Это было некое согласие, равновесие внешнего, бытового, по преимуществу рационального, с одной стороны, и внутреннего, сокровенного, душевно-духовного с другой. И недаром поэт провозгласил – казалось бы, шутливо, но на самом деле более чем серьезно:
Быть можно дельным человеком
И думать о красе ногтей…
И не случайно кумиром юного Пушкина был мыслитель и франт – неподражаемый Петр Чаадаев.
Тогда еще был неведом России пресловутый «человек из подполья» и грядущая «двойная бухгалтерия». Не было в душах людских противоестественного раздвоения, расщепления на атомы, того надлома, который впоследствии стали считать чуть ли не добродетелью и который стал краеугольным камнем поэзии и философии Серебряного века. И дума соответствовала произнесенному слову, а слово – поступку. И люди были цельными, многогранными, но монолитными, и не требовалось их, как позднее, «сузить», а державу – «подморозить».
Какая несравненная галерея встает перед глазами неленивыми и любопытными… К примеру, ладен по-своему был лихой гусар Петр Каверин, равно преданный и службе, и шампанскому, и женщинам, и друзьям, и невинным скабрезностям, и высоким философическим грезам. Все уживалось в этой богатой натуре, все соседствовало, ничто не подавлялось и не извращалось.
Ладен и дерптский студент Алексей Вульф, известный «русский Дон-Жуан» и пушкинский приятель. Почитайте его откровенные дневники – и вы наверняка удивитесь, как может любовный быт органически соединяться с подлинным бытием.
Ладен и сам император Николай. Теперь, спустя полтора столетия, мы, глубокомысленные прокуроры, находим в его деяниях много якобы спорного, ошибочного, «реакционного». Но будем хоть сейчас справедливыми: ведь он был подлинным рыцарем на престоле, и ему, Николаю, суждено было стать последним российским императором, который и хотел, и мог править по законам собственной, ничем не запятнанной совести:
Он бодро, честно правит нами…
Беда в том, что его преемникам выпадала уже иная участь: они принуждены были править исключительно по законам политики, большой и грязной, и посему – лицемерили, интриговали, против своей воли превращаясь в двуликих Янусов.

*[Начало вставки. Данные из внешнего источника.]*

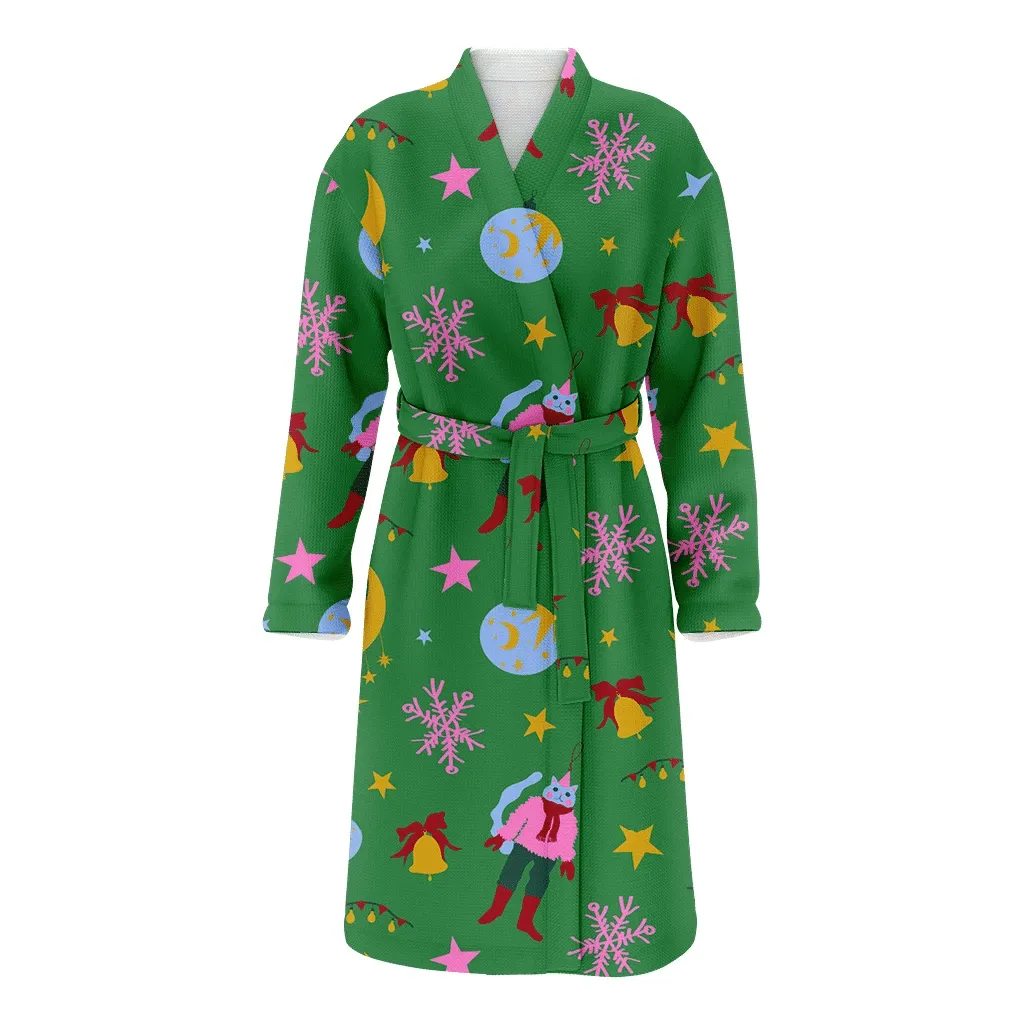 Christmas Cat Moon And Snowflakes On Green Background Family Matching Kimono Bathrobe Satin Fleece Robe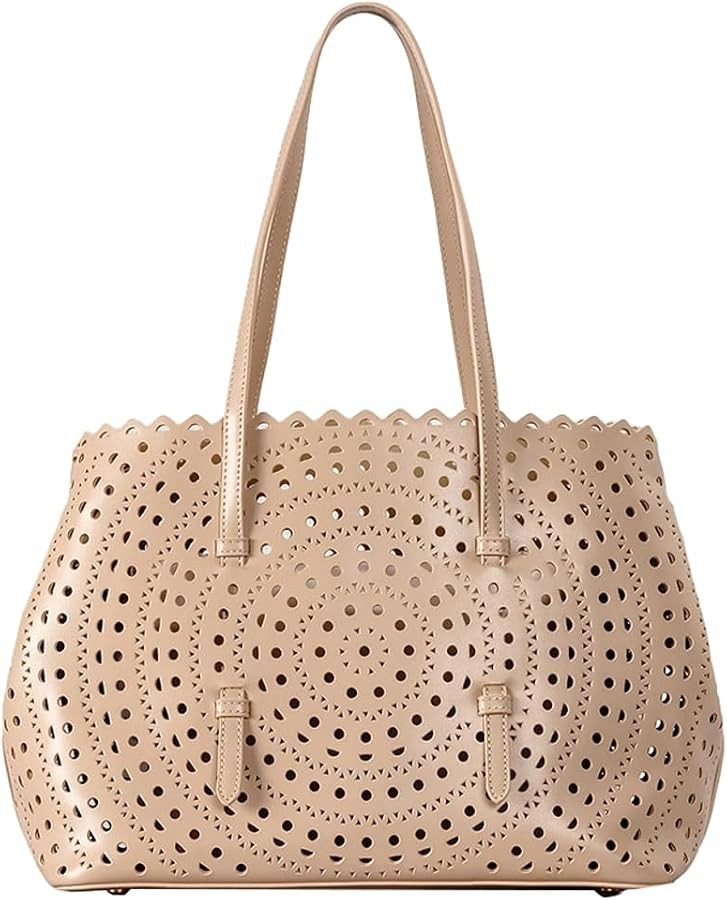 Womens Hollow Vegan Leather Tote Bag Small Summer Beach Bucket Shoulder Purse Top Handle Handbag ... | Amazon (US)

А разве не ладна столь легкомысленная Анна Петровна Керн, беззаветно любившая многих и так же искренно изменявшая им? Конечно, да, и нет в ней и намека на скорое появление Настасьи Филипповны. Ведь только самой гармонии можно вручить такие стихи:
Я помню чудное мгновенье:
Передо мной явилась ты,
Как мимолетное виденье,
Как гений чистой красоты.
«Гений чистой красоты» и одновременно, в те же сроки – «вавилонская блудница», и еще знаменитые эпистолярные строки, адресованные приятелю. И не было здесь для поэта противоречия, натяжки. Ибо «красота», начало духовное, еще не вступила тогда в непримиримый конфликт с банальным животным «блудом», еще не возник конфликт, породивший позднее омерзительные конгломераты.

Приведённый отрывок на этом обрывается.